Este caso particular –que se suma a otras denuncias de abuso perpetradas por las fuerzas de paz- amerita un replanteo de la misión, tanto en la ONU como entre los gobiernos que forman parte de ella.
Dado que el problema de Haití es de carácter estructural, debería haberse anticipado que el uso de la fuerza sólo era admisible por un corto período y en conjunción con otro tipo de medidas que no se han adoptado o han sido equivocadas.
La crisis de Haití es de carácter medioambiental, productiva y política, y la solución no puede pasar exclusivamente por el factor militar.
En un país agrario, dónde no existen registros de propiedad de la tierra, el desinterés por su utilización y conservación es algo natural. En las pocas explotaciones agrícolas que funcionan el uso de tecnologías nocivas destruye la capacidad productiva de los suelos.
La carencia de combustibles ha intensificado el uso del carbón –se usa en el 70 por ciento de las cocinas del país- y propiciado la deforestación.

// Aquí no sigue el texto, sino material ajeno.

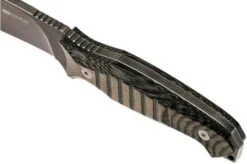 Viper Golia Evolution 4003ECB D2, Black Micarta, Fixed Knife -Knives Store VPVT4003ECB 06 viper vpvt4003ecb 06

Haití ha perdido su soberanía alimentaria -en 1970 producía el 90 por ciento de lo que consumía, hoy importa el 55 por ciento- y si bien el país recibe ayuda internacional, ésta es distribuida a través del poco equitativo mercado negro.
El desgobierno conlleva al funcionamiento de instituciones financieras sin control, que se nutren con el lavado del dinero proveniente de un creciente tráfico de estupefacientes colombianos.
Una vez más, la imposibilidad de despegue que padece Haití parece estar ligada a los intereses de Estados Unidos. Y es que en la actual búsqueda de posiciones estratégicas por parte de Washington, el territorio haitiano representa un portaviones desde dónde proyectar su amenaza militar en territorio sudamericano y consolidar sus pretensiones hegemónicas sobre los recursos de la región.
Por otra parte, en épocas de crisis financiera, el dinero del narcotráfico contribuye como alivio a la economía estadounidense.
Es así que la conducta de Estados Unidos en Haití complementa los movimientos derivados de los planes Colombia y Mérida, del golpe de estado en Honduras, del patrullaje de la IV Flota y de la política de establecimiento de bases militares, con la complicidad del presidente colombiano Alvaro Uribe.
Por consiguiente, los velados argumentos de los países sudamericanos, en el sentido de que sus participaciones en MINUSTAH contrapesan a los intereses de Estados Unidos, aparecen casi como ingenuos. La comunidad internacional no toma en serio el problema haitiano. Es hora de hacerlo.